Visualization & Analysis Methods

  • Sample sizes shown in tooltips: All percentage-based charts include actual counts in hover tooltips (e.g., "Female: 15.2% (23 of 151 works)") to help assess the reliability of percentages.
  • Percentages on small samples: Interpret with caution. Charts may show high percentages based on very few artworks.
  • Median vs. Average: For geographic distance analysis ("Distance from home"), median distances are reported instead of averages to provide robust comparisons not skewed by outliers (e.g., artworks depicting Greenland). When averages differ significantly from medians (>200km), both measures are shown with explanatory notes about outliers.
  • Trend analysis (linear regression): The 50-year female acquisition trend (1975-2025) uses linear regression to visualize long-term patterns. Insights compare the first 25 years (1975-1999) against the last 25 years (2000-2025) to assess progress.
  • Color categorization (HSL-based): Artwork colors are classified into 13 families based on HSL (Hue, Saturation, Lightness) color space analysis:
    • Chromatic colors (9): Red, Orange, Yellow, Yellow-Green, Green, Cyan, Blue, Purple, Magenta
    • Achromatic colors (4): Brown, Black, Gray, White
    This provides comprehensive coverage of the color spectrum. Color data is extracted from the colors field in the API, which contains hex color codes representing dominant colors in each artwork's image.
  • Diverging bar charts: Used for nationality comparisons where bars extend left (male) and right (female) from a central axis, making gender differences visually intuitive.
  • Sankey diagrams: Used to visualize flow relationships (e.g., departments to object types) with thickness representing volume of artworks.
  • World maps & geographic visualization: Artist birth countries and depicted locations are mapped using D3.js with TopoJSON data. Distance calculations use the Haversine formula with Copenhagen (SMK location) as reference point.
  • Treemaps for color palette: Show top 100 colors as rectangles sized by frequency, displaying actual hex color codes for larger cells. Hover tooltips show color, count, and percentage.

Statistical Notes

  • No significance testing: This is exploratory data analysis. Observed differences are not tested for statistical significance. Patterns should be interpreted as descriptive, not inferential.
  • Temporal aggregation: Many charts aggregate by decade (e.g., birth years, acquisition dates) to reveal patterns while smoothing year-to-year noise.
  • Percentage calculations: Percentages are calculated within each category (e.g., "% of male artists' works" vs "% of female artists' works"), not as overall collection percentages, unless otherwise noted.

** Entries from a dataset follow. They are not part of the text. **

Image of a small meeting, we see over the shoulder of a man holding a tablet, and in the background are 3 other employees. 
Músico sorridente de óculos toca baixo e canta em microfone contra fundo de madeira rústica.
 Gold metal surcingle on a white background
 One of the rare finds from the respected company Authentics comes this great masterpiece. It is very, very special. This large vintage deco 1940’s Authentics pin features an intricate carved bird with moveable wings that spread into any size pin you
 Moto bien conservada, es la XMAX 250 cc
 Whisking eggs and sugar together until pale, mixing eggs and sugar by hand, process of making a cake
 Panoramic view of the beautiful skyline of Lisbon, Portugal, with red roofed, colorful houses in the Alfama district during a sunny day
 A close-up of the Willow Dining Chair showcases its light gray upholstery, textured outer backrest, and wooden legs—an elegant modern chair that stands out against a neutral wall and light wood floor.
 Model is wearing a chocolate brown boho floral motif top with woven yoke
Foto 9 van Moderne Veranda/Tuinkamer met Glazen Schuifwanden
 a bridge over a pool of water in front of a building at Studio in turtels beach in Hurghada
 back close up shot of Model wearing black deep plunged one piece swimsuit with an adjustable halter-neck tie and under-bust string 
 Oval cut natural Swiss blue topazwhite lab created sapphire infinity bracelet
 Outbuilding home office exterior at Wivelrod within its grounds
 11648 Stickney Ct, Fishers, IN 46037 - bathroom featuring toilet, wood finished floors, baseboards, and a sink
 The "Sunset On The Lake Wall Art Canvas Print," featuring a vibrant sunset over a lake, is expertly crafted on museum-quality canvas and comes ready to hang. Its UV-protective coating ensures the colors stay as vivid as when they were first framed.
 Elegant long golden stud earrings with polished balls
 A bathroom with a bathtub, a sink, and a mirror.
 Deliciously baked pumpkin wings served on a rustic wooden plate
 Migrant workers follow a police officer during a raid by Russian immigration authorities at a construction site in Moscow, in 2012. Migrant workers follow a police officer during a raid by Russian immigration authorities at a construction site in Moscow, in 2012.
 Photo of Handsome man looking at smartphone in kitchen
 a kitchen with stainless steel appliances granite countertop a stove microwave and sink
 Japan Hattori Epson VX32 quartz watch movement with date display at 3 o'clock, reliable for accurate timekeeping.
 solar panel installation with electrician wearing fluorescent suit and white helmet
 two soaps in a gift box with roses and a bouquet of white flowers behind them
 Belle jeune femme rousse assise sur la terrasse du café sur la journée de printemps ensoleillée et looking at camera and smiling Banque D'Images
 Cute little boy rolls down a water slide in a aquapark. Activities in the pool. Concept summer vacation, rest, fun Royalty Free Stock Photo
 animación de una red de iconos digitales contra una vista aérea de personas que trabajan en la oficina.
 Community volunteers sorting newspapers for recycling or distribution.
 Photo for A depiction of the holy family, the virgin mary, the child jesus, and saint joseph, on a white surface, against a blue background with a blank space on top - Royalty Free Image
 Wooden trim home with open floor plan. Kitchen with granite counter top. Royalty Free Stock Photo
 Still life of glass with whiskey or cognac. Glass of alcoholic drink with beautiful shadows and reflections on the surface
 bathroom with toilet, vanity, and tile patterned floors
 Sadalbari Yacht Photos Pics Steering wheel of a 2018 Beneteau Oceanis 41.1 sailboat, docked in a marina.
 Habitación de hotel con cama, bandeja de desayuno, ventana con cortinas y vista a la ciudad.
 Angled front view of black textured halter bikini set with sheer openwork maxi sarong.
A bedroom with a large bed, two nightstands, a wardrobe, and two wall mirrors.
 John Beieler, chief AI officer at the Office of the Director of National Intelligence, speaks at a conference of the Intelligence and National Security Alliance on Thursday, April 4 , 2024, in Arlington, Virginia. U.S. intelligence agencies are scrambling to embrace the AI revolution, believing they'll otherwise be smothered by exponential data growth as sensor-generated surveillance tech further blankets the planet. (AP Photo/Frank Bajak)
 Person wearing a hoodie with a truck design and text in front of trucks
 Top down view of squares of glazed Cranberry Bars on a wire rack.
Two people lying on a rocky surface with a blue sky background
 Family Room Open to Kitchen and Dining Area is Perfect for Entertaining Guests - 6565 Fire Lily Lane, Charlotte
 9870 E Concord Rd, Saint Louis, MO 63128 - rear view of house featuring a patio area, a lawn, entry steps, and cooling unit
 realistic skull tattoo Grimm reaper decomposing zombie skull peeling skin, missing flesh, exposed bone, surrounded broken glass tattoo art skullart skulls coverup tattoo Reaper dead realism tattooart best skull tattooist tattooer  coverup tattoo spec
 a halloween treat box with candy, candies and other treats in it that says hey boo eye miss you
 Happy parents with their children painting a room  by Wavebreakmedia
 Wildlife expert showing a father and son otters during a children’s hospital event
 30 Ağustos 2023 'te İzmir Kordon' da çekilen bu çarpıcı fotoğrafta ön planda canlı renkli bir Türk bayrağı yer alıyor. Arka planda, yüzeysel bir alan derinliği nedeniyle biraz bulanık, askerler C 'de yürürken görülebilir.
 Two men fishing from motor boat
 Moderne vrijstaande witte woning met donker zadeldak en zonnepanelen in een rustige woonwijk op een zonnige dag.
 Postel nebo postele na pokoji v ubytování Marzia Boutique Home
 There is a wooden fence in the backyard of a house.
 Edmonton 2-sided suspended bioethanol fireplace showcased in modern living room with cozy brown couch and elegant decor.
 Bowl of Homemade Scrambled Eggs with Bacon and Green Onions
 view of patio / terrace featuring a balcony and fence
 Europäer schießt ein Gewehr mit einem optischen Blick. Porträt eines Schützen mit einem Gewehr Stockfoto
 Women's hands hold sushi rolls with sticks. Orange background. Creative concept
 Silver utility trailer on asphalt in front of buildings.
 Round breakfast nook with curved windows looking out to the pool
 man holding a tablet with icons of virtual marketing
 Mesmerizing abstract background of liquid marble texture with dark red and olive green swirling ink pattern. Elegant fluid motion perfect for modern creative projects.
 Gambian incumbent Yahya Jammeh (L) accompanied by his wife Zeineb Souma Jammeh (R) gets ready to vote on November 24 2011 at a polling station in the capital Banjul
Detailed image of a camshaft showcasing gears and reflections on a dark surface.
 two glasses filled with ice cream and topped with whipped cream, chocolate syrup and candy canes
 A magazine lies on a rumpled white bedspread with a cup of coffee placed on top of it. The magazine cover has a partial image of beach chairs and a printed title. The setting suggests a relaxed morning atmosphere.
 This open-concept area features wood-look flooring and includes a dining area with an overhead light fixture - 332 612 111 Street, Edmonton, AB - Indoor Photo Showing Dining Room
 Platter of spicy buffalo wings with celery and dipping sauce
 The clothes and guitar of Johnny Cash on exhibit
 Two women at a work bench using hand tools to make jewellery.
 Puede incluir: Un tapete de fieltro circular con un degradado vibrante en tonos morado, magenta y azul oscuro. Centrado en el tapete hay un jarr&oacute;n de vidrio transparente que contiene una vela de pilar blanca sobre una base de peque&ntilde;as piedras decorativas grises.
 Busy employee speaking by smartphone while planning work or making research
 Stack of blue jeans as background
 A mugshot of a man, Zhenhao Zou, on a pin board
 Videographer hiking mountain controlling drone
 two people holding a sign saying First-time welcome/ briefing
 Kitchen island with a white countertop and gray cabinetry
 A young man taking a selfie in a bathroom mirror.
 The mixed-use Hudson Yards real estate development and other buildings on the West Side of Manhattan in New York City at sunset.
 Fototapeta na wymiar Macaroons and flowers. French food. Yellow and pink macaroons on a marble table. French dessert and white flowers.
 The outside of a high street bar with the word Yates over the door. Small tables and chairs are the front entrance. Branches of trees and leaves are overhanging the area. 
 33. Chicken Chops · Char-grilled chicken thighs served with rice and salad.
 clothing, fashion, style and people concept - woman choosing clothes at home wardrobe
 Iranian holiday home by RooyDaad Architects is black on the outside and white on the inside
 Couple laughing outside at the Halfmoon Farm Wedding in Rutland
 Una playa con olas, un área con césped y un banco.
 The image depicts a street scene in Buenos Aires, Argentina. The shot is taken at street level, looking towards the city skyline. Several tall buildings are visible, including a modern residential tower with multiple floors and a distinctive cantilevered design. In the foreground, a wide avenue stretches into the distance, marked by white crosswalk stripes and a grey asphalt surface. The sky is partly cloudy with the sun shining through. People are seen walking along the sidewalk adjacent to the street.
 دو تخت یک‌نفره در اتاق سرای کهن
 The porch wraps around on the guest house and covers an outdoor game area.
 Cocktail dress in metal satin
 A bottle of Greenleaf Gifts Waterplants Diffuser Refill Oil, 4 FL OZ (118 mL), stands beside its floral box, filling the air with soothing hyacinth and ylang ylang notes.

Data Quality & Limitations

  • Missing metadata: Not all artworks have complete information. Fields like creator_gender, production_year, dimensions, colors, and geographic data may be incomplete.
  • Cataloguing practices: Gender classification reflects museum cataloguing practices, which may have evolved over time and may not capture all nuances of identity.
  • Historical bias in data: The data reflects historical collecting practices and may perpetuate historical biases in representation.

Data Anomalies

  • Peaks in 1787 and 1887: The museum's database was established in 1887. Artworks with unknown acquisition dates were recorded as acquired "before 1887." In a later database version, this was interpreted as a 100-year interval (1787-1887). The data extraction process assigns these to specific years (1787 or 1887), creating artificial peaks. These represent artworks acquired before 1887 where the exact year is unknown.

Performance & Caching

  • GDPR-compliant storage: The application uses browser IndexedDB to cache API data for improved performance, with user consent required (cookie expires after 365 days).
  • Cache duration: Cached data expires after 30 days. Users can manually refresh via the "Refresh Data" button.
  • Lazy loading: Below-the-fold charts are loaded on-demand as users scroll to improve initial page load time.